The risk, from the Germans’ point of view, is that in a Eurozone world with higher capital ratios but lower interest rates, countries like Spain may be tempted to avoid making use of the countercyclical buffer and so may still end up with faster-than-ideal credit expansion.  How to convince the central banks and/or regulatory authorities in Mediterranean countries to be financially conservative, even when their governments aren’t, is clearly the next challenge.

Teaching, teaching

It’s the new academic year.  I’m once again teaching (not lecturing!), this time in EC400, the pre-sessional September maths course for incoming post-graduate students, and EC413, the M.Sc. macro course.

I’m also a new (Teaching) Fellow in the school, which means that a) I’m now a formal academic advisor (my advisees are yet to be determined); and b) I’m technically part of the academic staff at LSE (even though I’m only part-way through my Ph.D.).  That last point gets me access to the Senior Common Room (where the profs have lunch) and into USS, the pension scheme for academics at most UK universities.

Here’s what’s amazing about USS:  It’s a final salary scheme!  I’m honestly amazed that there are any defined-benefit schemes still open to new members.  Well, there you go.  I’m in one now.

Why I (probably) oppose the RMT’s strikes at London Underground

Here is a quick, dirty and poorly-written explanation why I (probably) oppose the RMT’s strike action at London Underground:

The Tube, like most public services, is a monopoly.  As such, Transport for London (TfL) has pricing power and the ability to extract economic rents from consumers.  To whom would those rents flow?  There are three possible groups:  Capital owners (bonds), Capital owners (equity) and Labour (the suppliers of the stuff, not the political party).

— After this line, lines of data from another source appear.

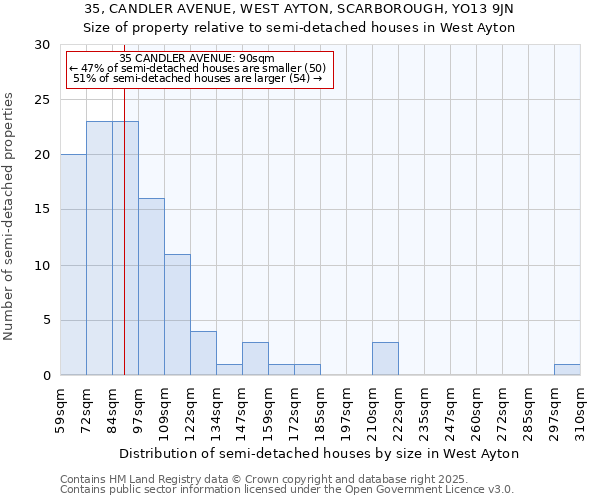 35, CANDLER AVENUE, WEST AYTON, SCARBOROUGH, YO13 9JN: Size of property relative to semi-detached houses houses in West Ayton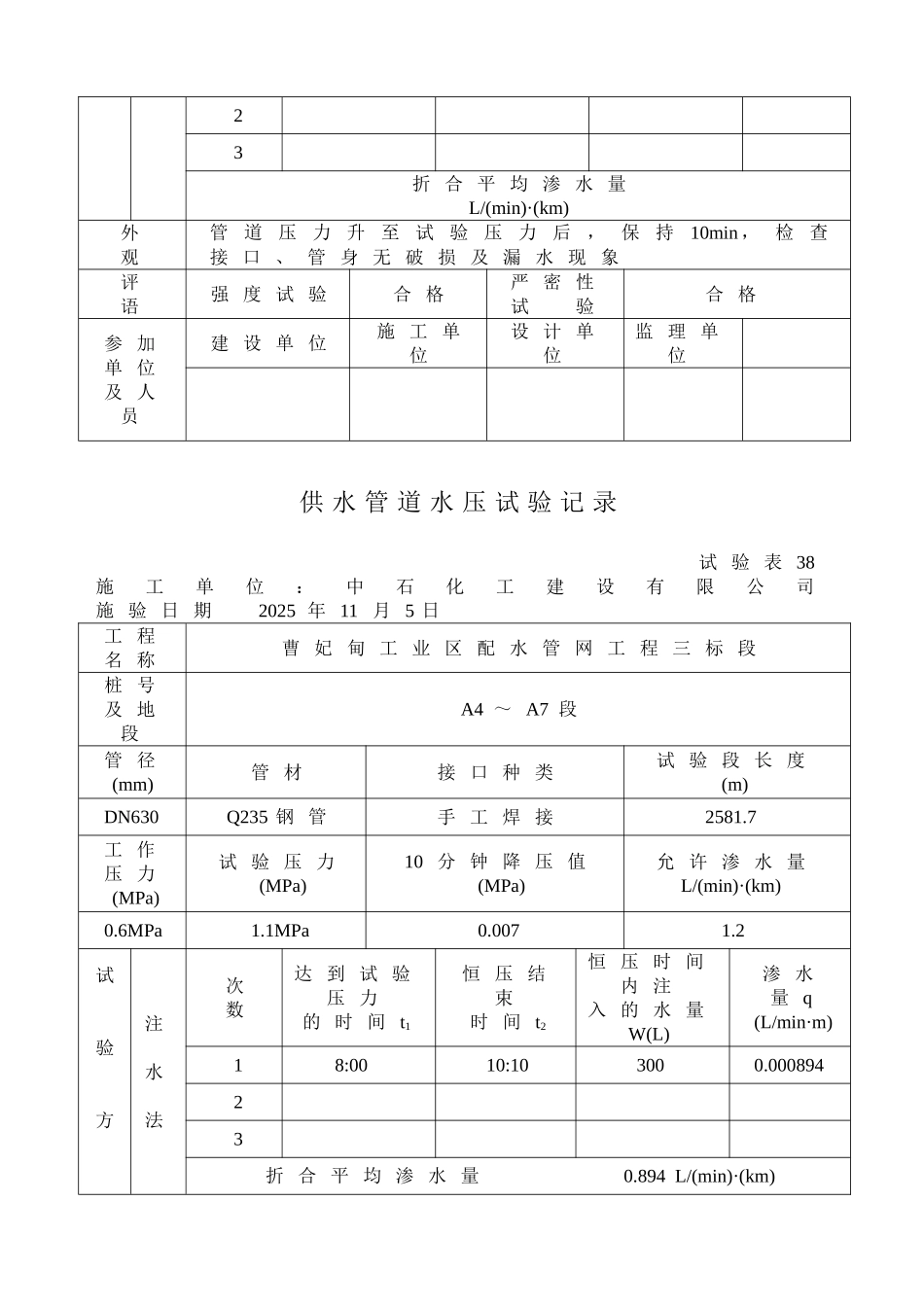 供水管道水压试验记录_第3页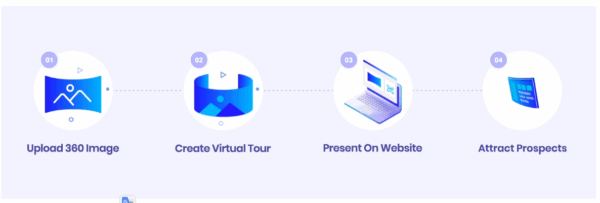 WP WR PRO + Free 360 Panorama and Virtual Tour Builder For WordPress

The owners of capital in the form of bonds have no ability to insist on being paid economic rents because they cannot credibly threaten to walk away.  There are plenty of other (institutional) investors that are perfectly happy to step in and receive the low interest rates paid by TfL because TfL has the backing (implicit or otherwise) of the UK government and investors value that security.

The sole owner of capital in the form of equity is the UK government.  They have no desire to extract economic rents.  Indeed, they have an incentive to keep economic rents to a minimum because their existence is, on net, welfare-destroying for Britain as a whole.

That leaves the suppliers of labour.  If no TfL worker was unionised, then individual employees would be unlikely to be able to insist on receiving economic rent (i.e. a wage in excess of the value of their marginal product).  By being unionised, however, the employees have collective bargaining power and are therefore able to insist on economic rents.  They can do this because they can credibly threaten to stop the tube from working.  The current strikes are a demonstration of the credibility of any future threat.

There are two further issues to consider, however.  First:  what if without the union, workers would be unfairly exploited — paid less than the value of their marginal product?  If this were the case, the increased bargaining power of unionisation would be justified as it would offset the exploitation.  This is not a problem, however, because the owner of the Tube — the UK government — is not a a profit maximiser.  It is a (zero-profit seeking) service maximiser.  They have literally no incentive to pay less than the employees are genuinely worth.

Second:  what if, when paid the value of their marginal product, TfL employees end up with incomes that are less than the cost of living?  Once again, this fails as an argument for unionisation of TfL workers.  It is the job of the government to guarantee a living wage to all workers across the country, regardless of their job.  If TfL employees are concerned about this, they should be canvassing for an increase in the national minimum wage, not insisting on a higher wage just for themselves.

Therefore, to a first approximation, there is no justification for the unionisation of (and hence, no justification for the strike action by) London Underground employees.